Over the past century, the Middle East has been racked by nearly constant conflict, but the frontiers of the region's modern states have remained fixed, at least in part due to secret deals made by the British and French well before the outcome of the first World War had become clear.
When, on June 5th, 1916, the Arabs launched their revolt against the Ottoman empire, Germany's ally, their partners Britain and France had already decided to betray commitments given to the Arabs for joining battle on the eastern front.
The Arabs had agreed to take part in the war in exchange for independence for Arab lands ruled by the Ottomans.

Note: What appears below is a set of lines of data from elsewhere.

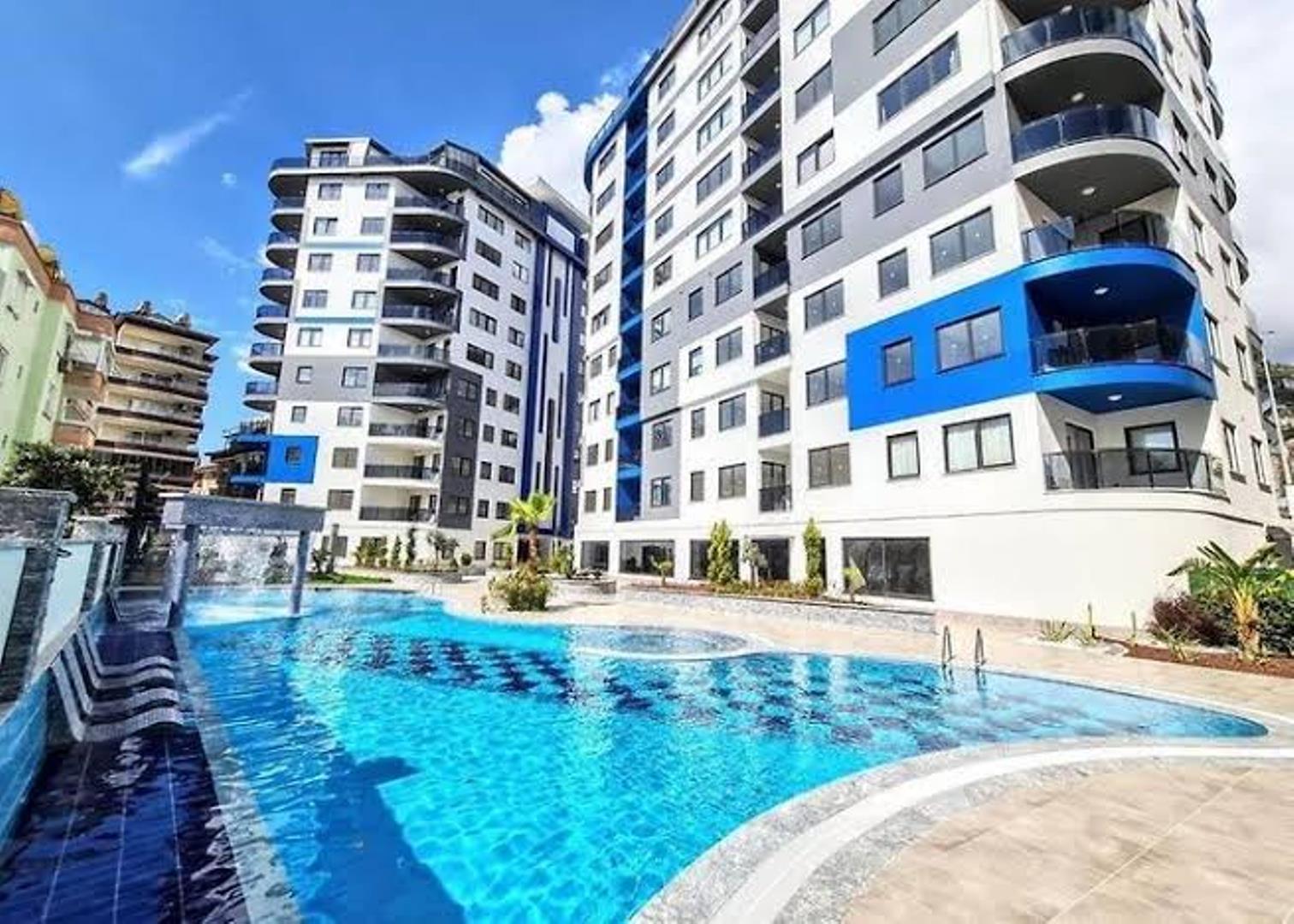 Alanya Real Estate Sea View Furnished 2 Room Flat For Sale In Kargicak Alanya 12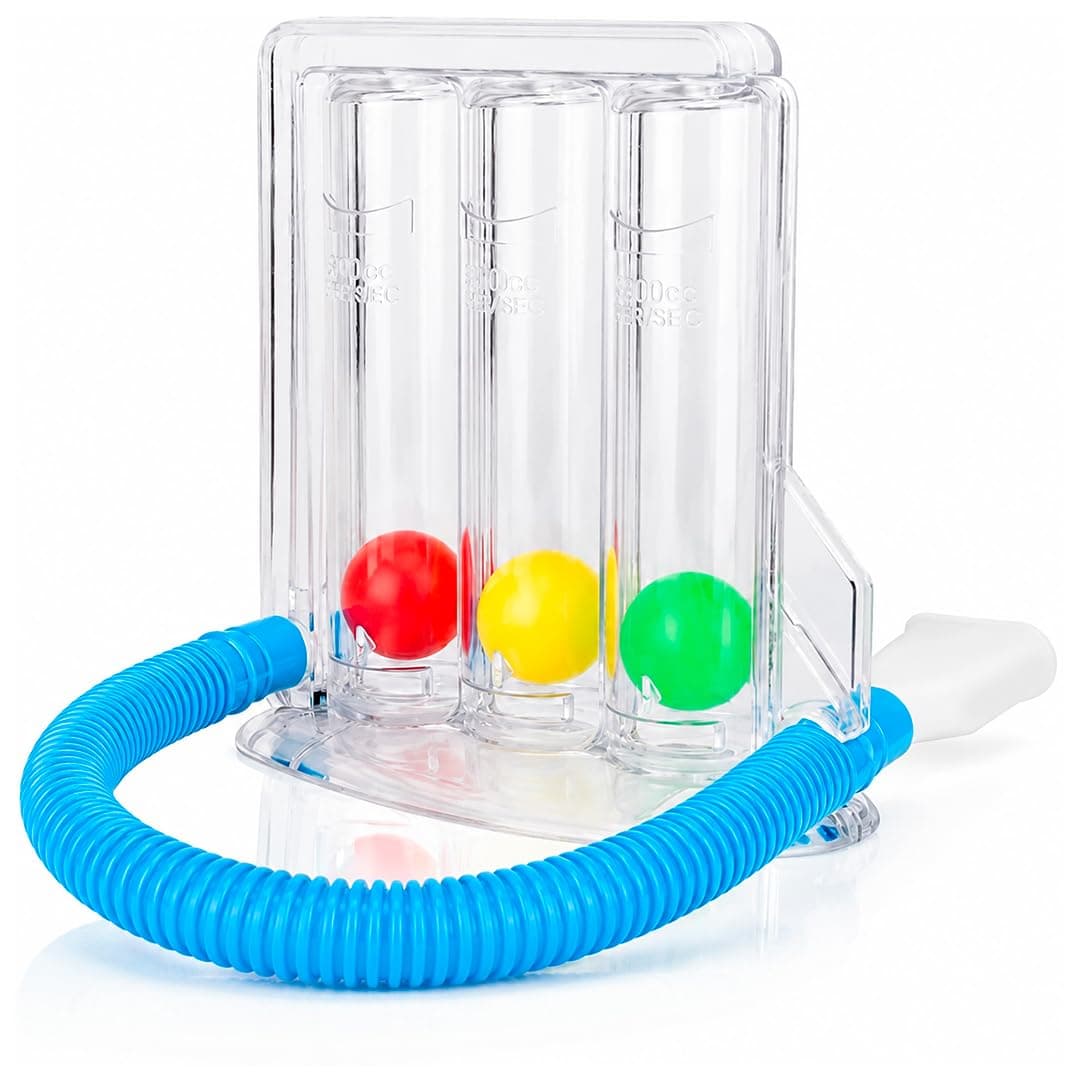 Inspirómetro Espirómetro Respiratorio de 3 Bolas Lavable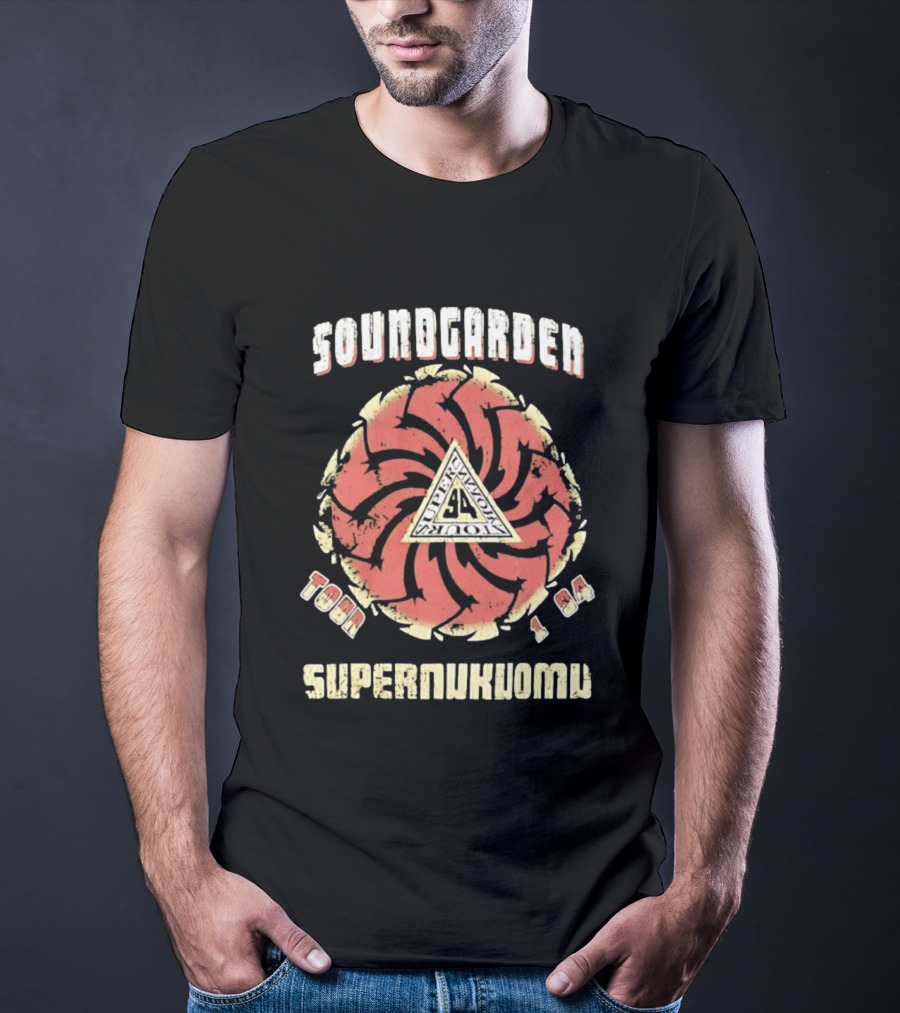 Soundgarden Superunknown Tour 1994 Grunge Vintage Spiral T-Shirt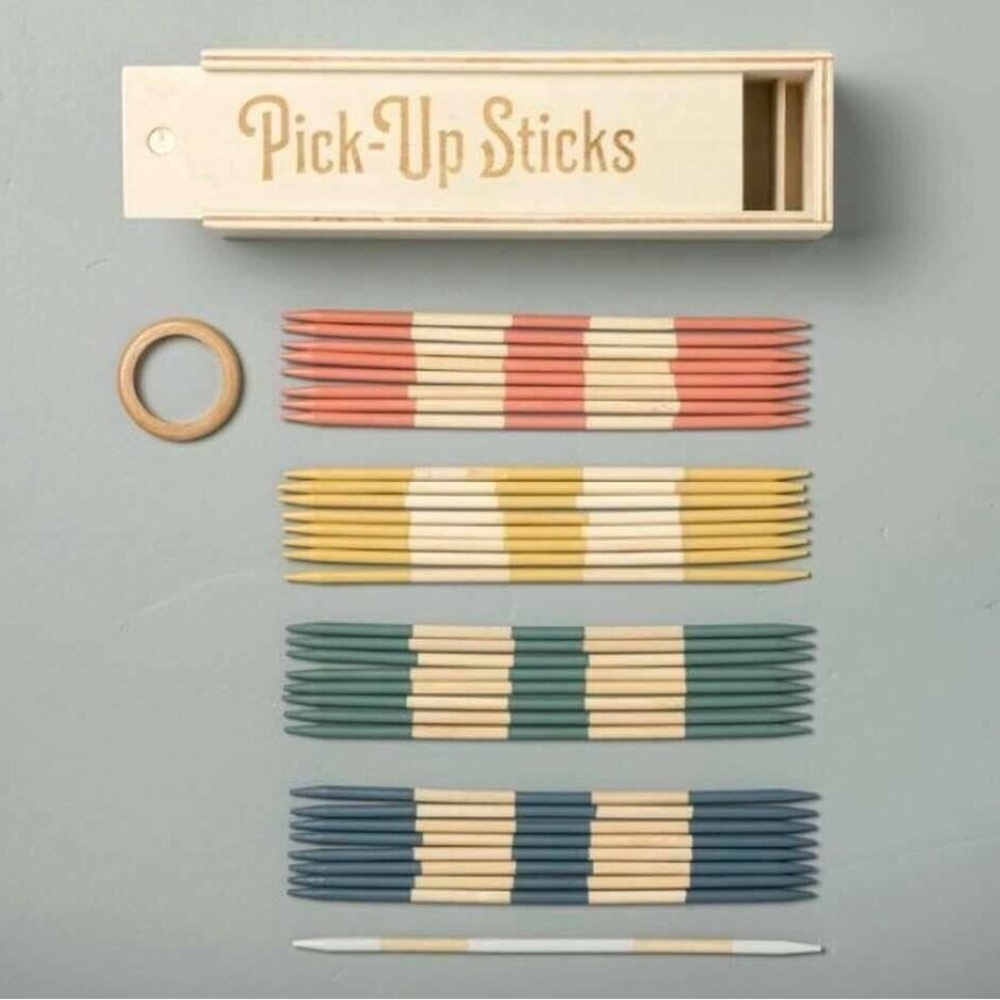 Classic Pick-Up Sticks Game Set - Multicolor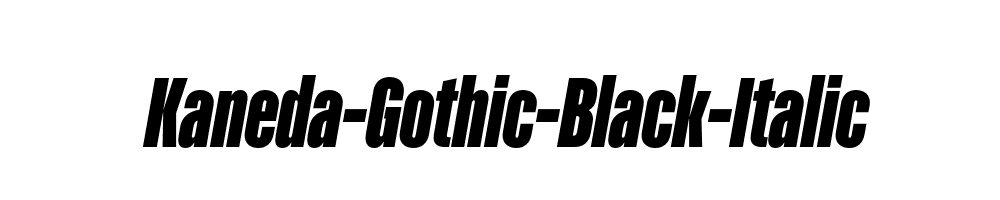 Kaneda-Gothic-Black-Italic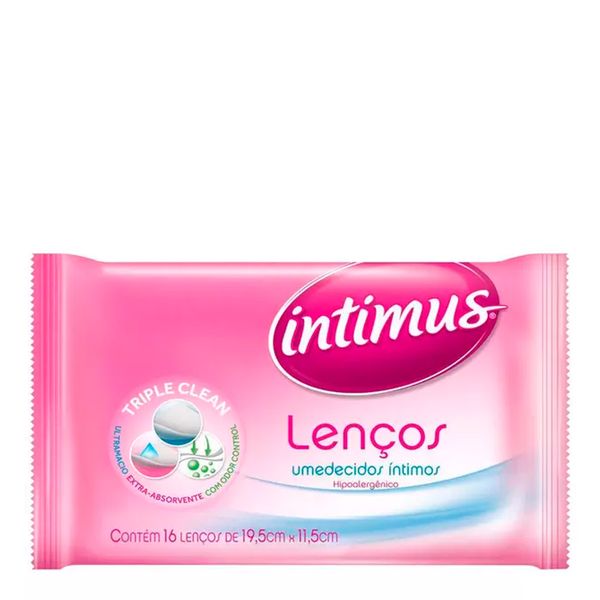 Lenços Umedecidos Intimus 16 Unidades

In correspondence conducted from July 14th, 1915, until January 30th, 1916, Britain's Sir Henry McMahon told Sherif Hussein of Mecca, that Britain would, without "detriment to the interests" of France, "recognise and support the independence of the Arabs in the regions within the limits demanded" by the sherif.
Britain also promised to advise the Arabs on “suitable forms of government in those various territories”. In turn, the Arabs were to recognise British “special administrative arrangements” in Baghdad and Basra.
In spite of the qualified commitment to Arab independence, Britain's Sir Mark Sykes opened talks with France's Georges Picot May 16th, 1916, with the aim of betraying the Arabs, abrogating the McMahon accord, and carving up Ottoman domains between their faltering empires.
At the Versailles peace conference in 1919, TE Lawrence, the British army officer who had encouraged the Arabs to revolt against the Ottomans, tried and failed to overturn the Sykes-Picot agreement.
France received Syria, Lebanon and Turkish Cilicia free and clear of any obligations to the Arabs, while Britain secured Iraq, Palestine, Jordan and the Trucial states of the Arab Gulf. The best Lawrence managed to do was to secure for the sons of Sherif Hussein, Faisal and Abdullah, the thrones of Iraq and Jordan. France and Britain put down anti-colonial revolts with brute force.
Britain had taken betrayal a step further in November 1917 when foreign secretary Arthur Balfour declared that the government "viewed with favour the establishment in Palestine of a national home for the Jewish people, and will use their best endeavours to facilitate the achievement of this object, it being clearly understood that nothing shall be done which may prejudice and civil and religious rights of the existing non- Jewish communities in Palestine".
The sherif was given assurances in January 1918 that the “political and economic freedom” of the Palestinians was not in question.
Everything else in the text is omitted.